I regard Kyiv as a phenomenon of a planetary importance — when in Kyiv, I feel as though I were in the centre of the whole planet. If to apply Vernadsky’s idea about the noosphere (the sphere of human consciousness and mental activity in regard to its influence on the biosphere — tr.), then it must be of a great concentration in Kyiv, in recent years in particular, because of the concentration of Ukrainian intellectuals here.
Incidentally, for the several generations of the Stetsenkos, Kyiv is a special place. My grandfather, Kyrylo Stetsenko, who was a composer, was born in the village of Kvitky in the land of Cherkashchyna, but it was in Kyiv that he realized himself as a composer, and though he often moved from place to place, he always tended to come to Kyiv. My father was born in the land of Vinnychyna, but it was in Kyiv that he gained recognition as a violinist and teacher. And for me Kyiv is a place of a special significance.

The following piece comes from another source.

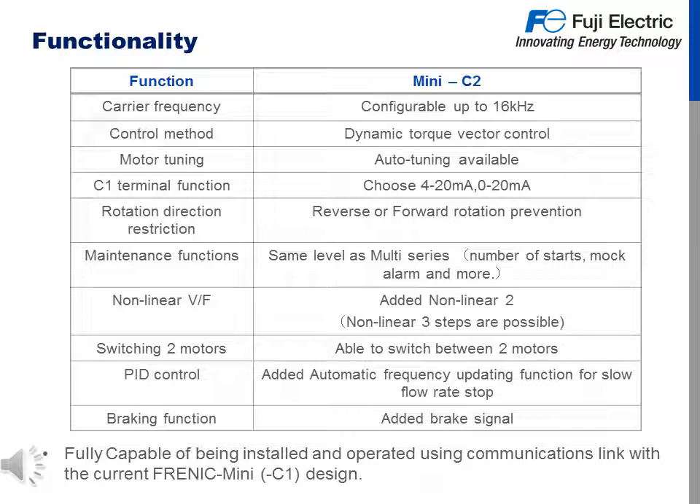Additional functionality and features added to the Mini C2 include a carry frequency now configurable up to 16 kHz, dynamic torque vector control for speed and torque accuracy, and the ability to auto-tune your motor. The C1 terminal function can be altered between 4 to 20 mA or 0 to 20 mA. You can restrict either forward or reverse rotation. Maintenance function has been upgraded to the same level as multi, featuring number of start-ups and mock alarms. Added non-linear volts per hertz pattern number 2, where 3-step non-linear adjustment is possible. You can set up and program for two different motors and applications. PID control now includes automatic frequency updating function for slow flow rate stop, or PID sleep mode, and a braking function added as an output for conveyance-type machinery.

Kyiv is a symbol of Ukraine and of spirituality, of humanism, of people who live intellectually comprehensive lives, and who are part of the intelligent cosmos, in which there is a harmony between the mind and the spirit.
Serhiy ZHADAN, a poet
I was born in the region of Ukraine called Donbas. I live in Kharkiv, the city I love. I visit Kyiv once in a while. The “Hero City” (Soviet cliche — tr.) is not one of the places that I particularly like. But there are quite a few people in Kyiv — mostly those who were not born in Kyiv — whom I dearly love. Well, I love some of those who were born in Kyiv too. There are several places in Kyiv that I like — mostly in those sections of town which are situated closer to the suburbs, the housing developments of the nineteen fifties, where there is enough open space — both on the ground and in the sky. At the same time, there are many places (mostly in the centre) which evoke in me nothing but resentment; it gets elevated to the level of rancor when I think of some of the people who live or have offices there, in Bankova Street in particular (where the presidential administration occupies the building that once belonged to the communist party headquarters — tr.). In other words, Kyiv is the pla ce where “joy embraces sorrow.”
On a more serious note, honestly and frankly, I like the Kyiv railroad station, in particular I like listening to the female voices announcing the departure of trains in Polish and in German, in faulty accents.